● **Problem**: Return the entries that follow exactly, with no images.

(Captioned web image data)
________
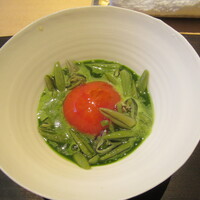 ひがしやま 司 - ジュンサイ　トマト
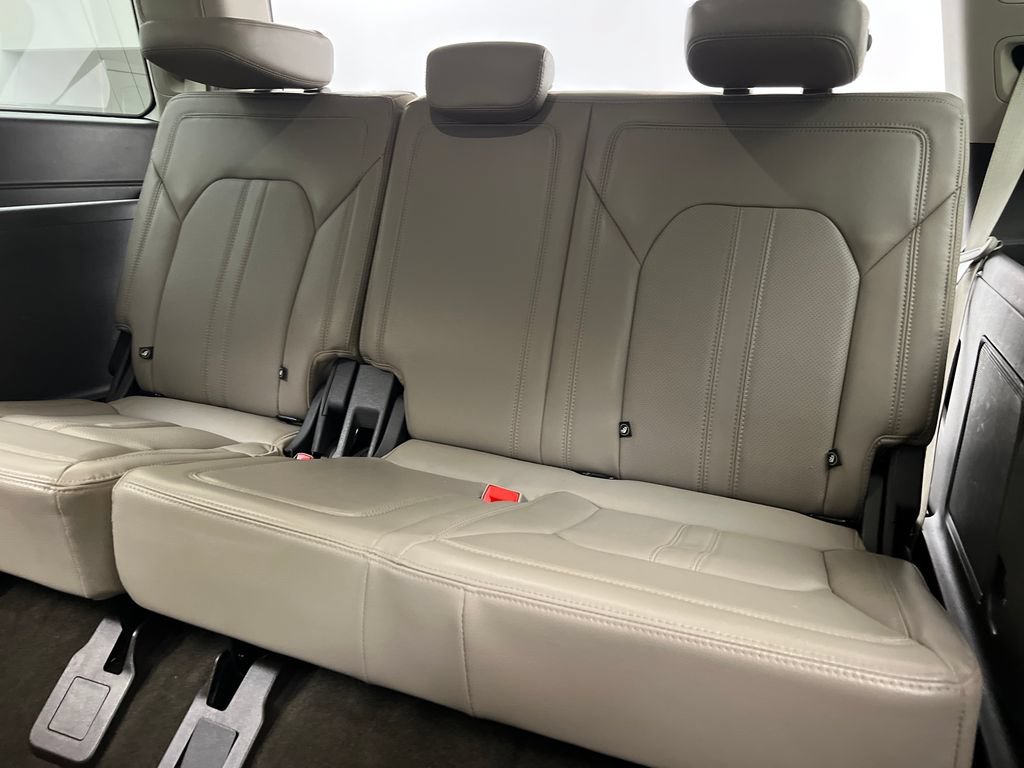 Used 2021 Ford Expedition Limited w/ Cargo Package RWD image 41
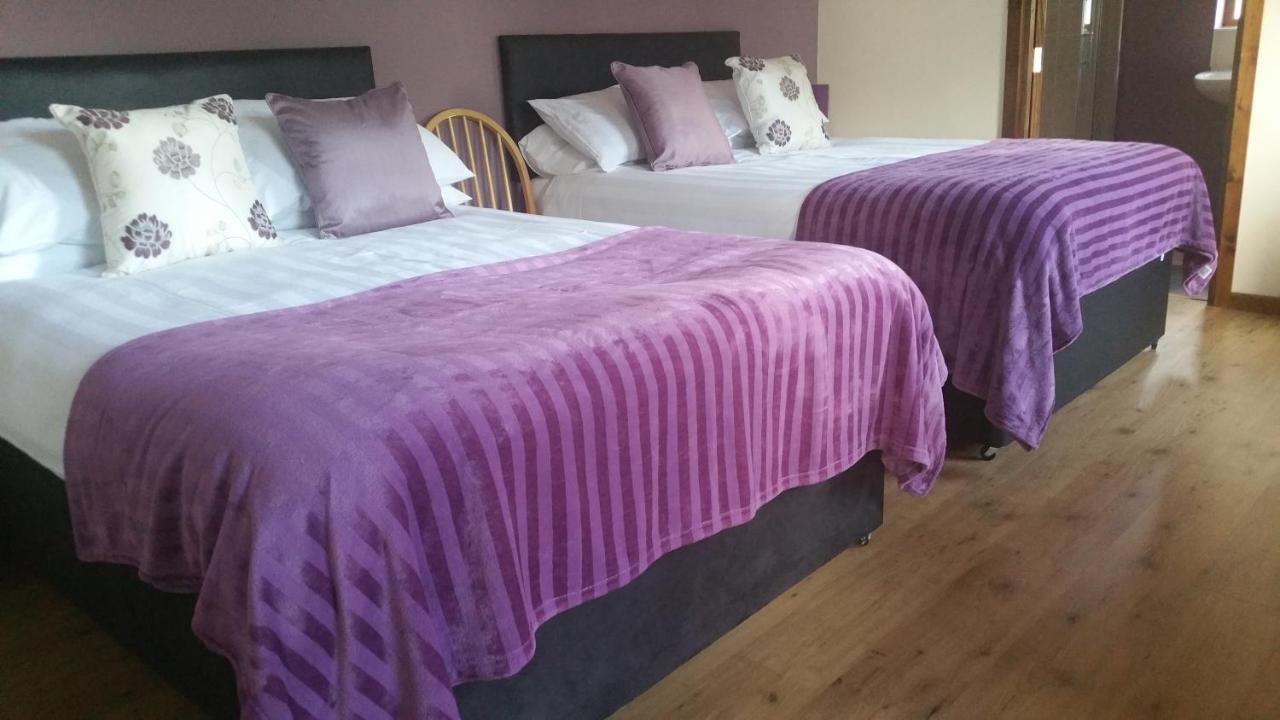 Chambre Double ou Lits Jumeaux avec Salle de Bains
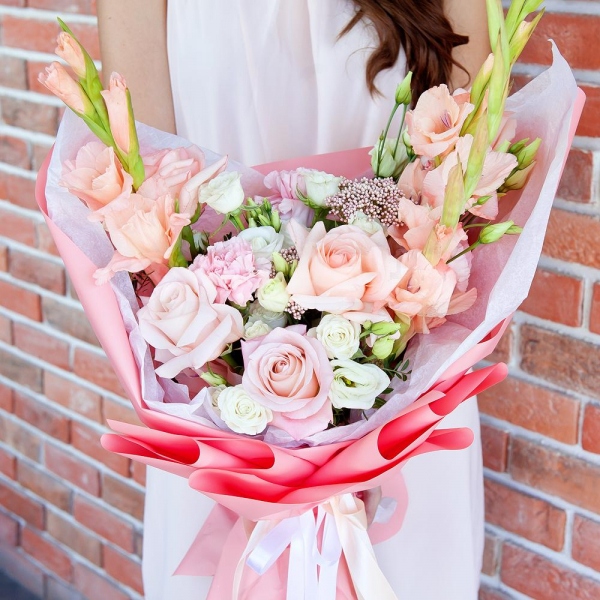 Pink Gladiolus - 4, Pink carnation - 6, Pink rose 50 cm - 7, lisianthus - 5, Spray rose: white, cream, light pink 50 cm - 4, Ozotamnus, Wrapping Paper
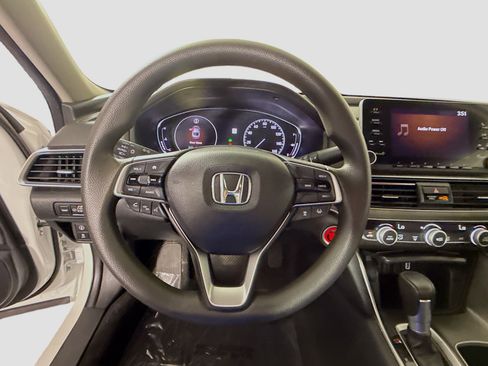 Used 2019 Honda Accord LX image 13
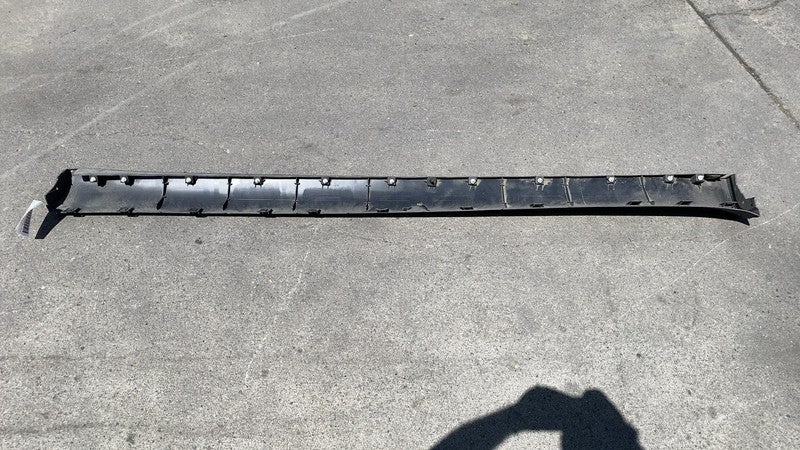 149774400B 2020-2023 Tesla Model Y MY Right Skirt Lower Rocker Panel Molding Trim Cover OEM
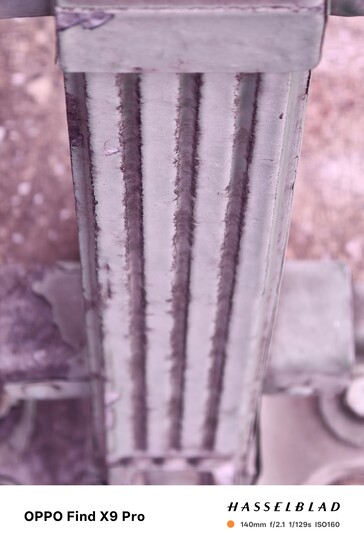 Oppo Find X9 Pro с пурпурным оттенком из-за байонета объектива.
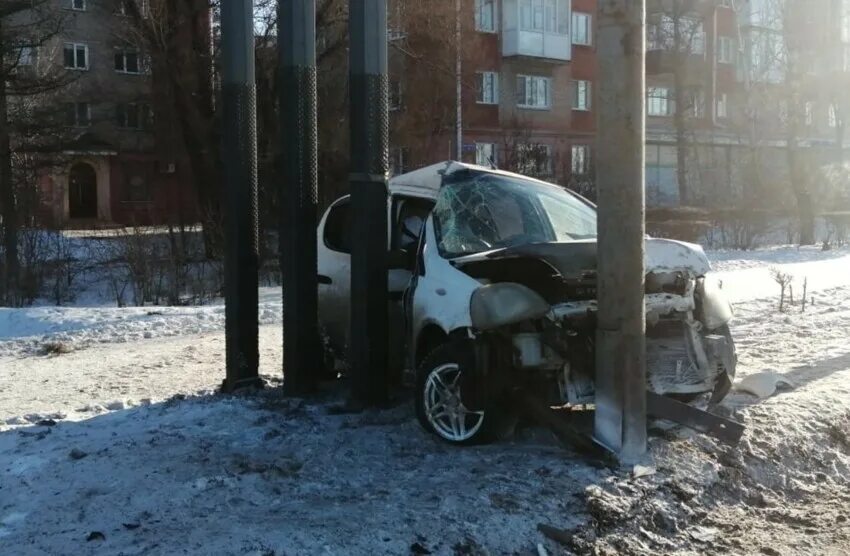 Авария на Иртышской набережной Омск. ДТП на Иртышской набережной в Омске. 13 декабря 21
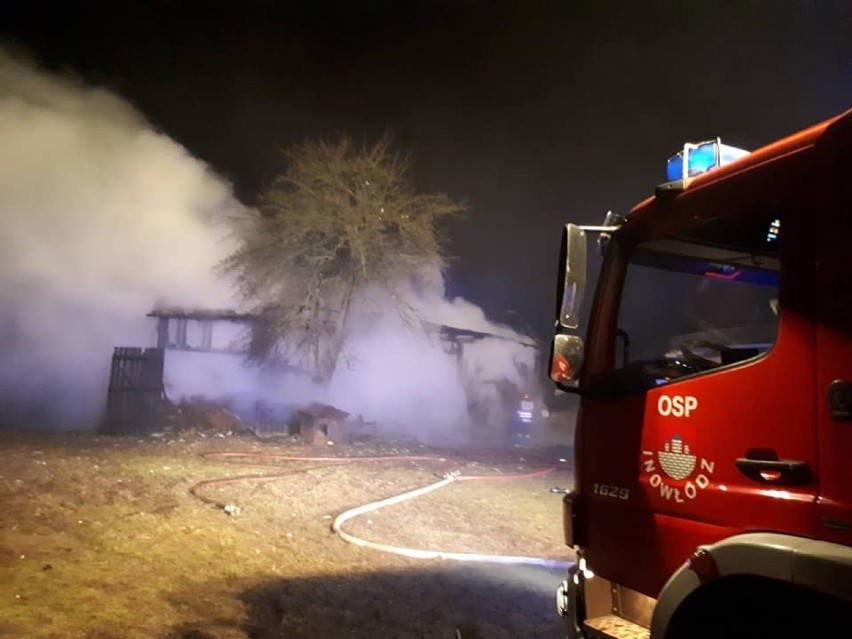 Pożar stodoły w Brzustowie w gm. Inowłódz. Policja bada okoliczności zdarzenia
________
● **Response**:
 ひがしやま 司 - ジュンサイ　トマト
 Used 2021 Ford Expedition Limited w/ Cargo Package RWD image 41
 Chambre Double ou Lits Jumeaux avec Salle de Bains
 Pink Gladiolus - 4, Pink carnation - 6, Pink rose 50 cm - 7, lisianthus - 5, Spray rose: white, cream, light pink 50 cm - 4, Ozotamnus, Wrapping Paper
 Used 2019 Honda Accord LX image 13
 149774400B 2020-2023 Tesla Model Y MY Right Skirt Lower Rocker Panel Molding Trim Cover OEM
 Oppo Find X9 Pro с пурпурным оттенком из-за байонета объектива.
 Авария на Иртышской набережной Омск. ДТП на Иртышской набережной в Омске. 13 декабря 21
 Pożar stodoły w Brzustowie w gm. Inowłódz. Policja bada okoliczności zdarzenia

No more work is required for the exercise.